The Pew Research Center examined about 2.5 million web page visits from a group of 900 people who agreed to share their browsing data for a full month.
Most folks hit on at least some AI-related content, but much of it touched on AI at just a glancing or superficial level.
Many people encountered AI-generated summaries in their web searches.
There were limitations to the tracking. Not all web-connected devices that people used were tracked.

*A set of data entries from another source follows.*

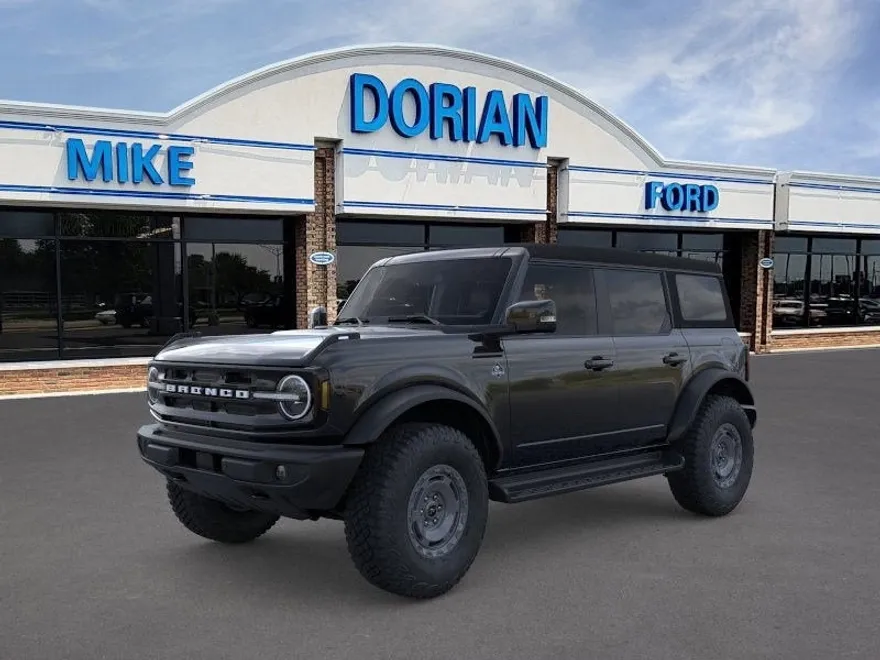 2025 Ford Bronco Outer Banks photo 1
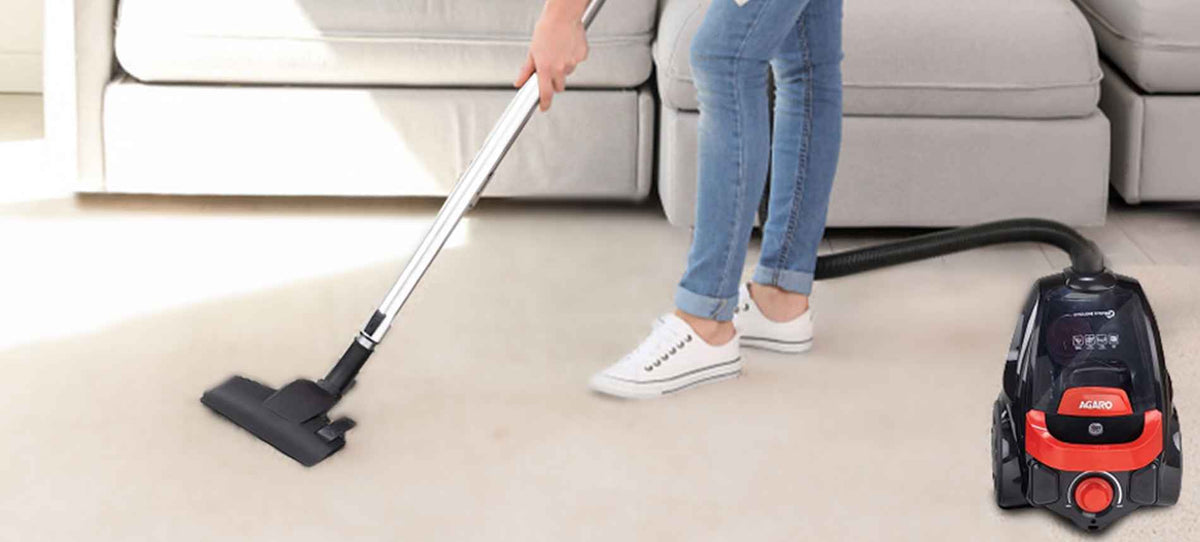 vacuum cleaner with mop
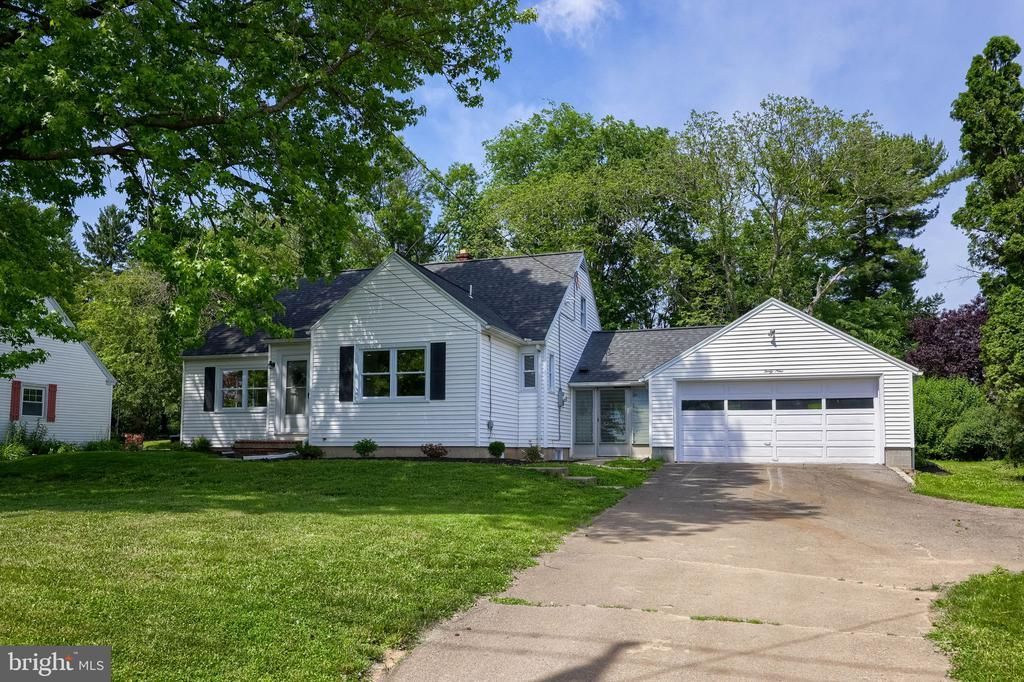 49 WABANK ROAD, LANCASTER, PA 17603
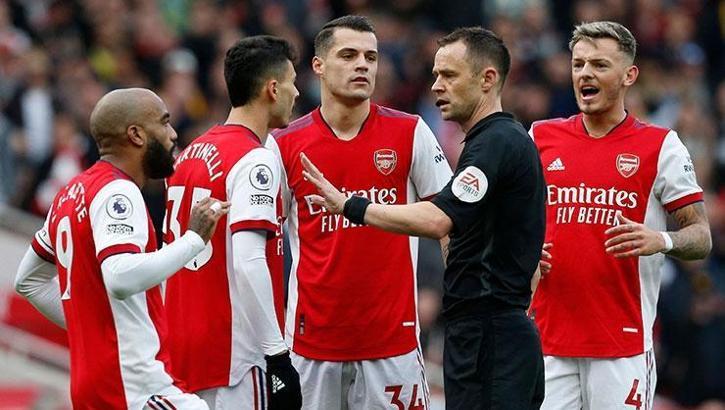 Arsenal'den Tottenham maçına erteleme talebi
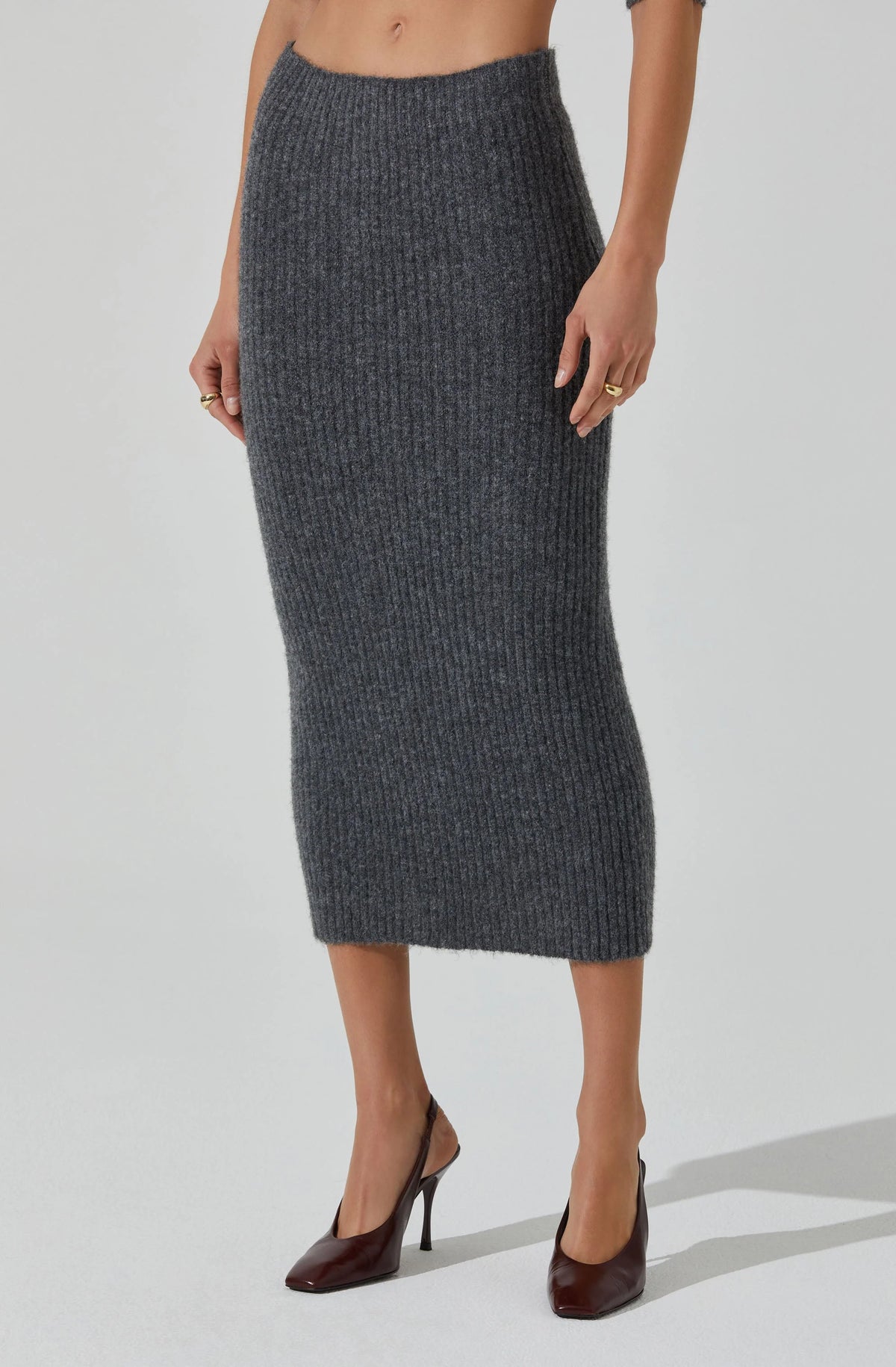 Neve Ribbed Sweater Midi Skirt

And the Pew Research Center wasn’t able to analyze real-time algorithmically curated content on social media pages or pages that require a login to access.
Nearly everyone, over 90%, visited at least one page that mentioned AI, even if the mention was brief or unrelated to the main focus of the page, according to the Pew Research Center.
Close to half of the people visited a page where AI was the main focus of the content, but those visits weren’t frequent.
Those, for example, could be news articles that looked closely at AI-related issues.
Close to 60% of people viewed a search page, such as Google, with an AI-generated summary of results.
Just 13% of people visited the website of a generative AI tool.
And just 10% of people search for an AI-related term.
“It just confirms that AI in one fashion or another has entered the mainstream,” AI expert Anton Dahbura said of the Pew Research Center study.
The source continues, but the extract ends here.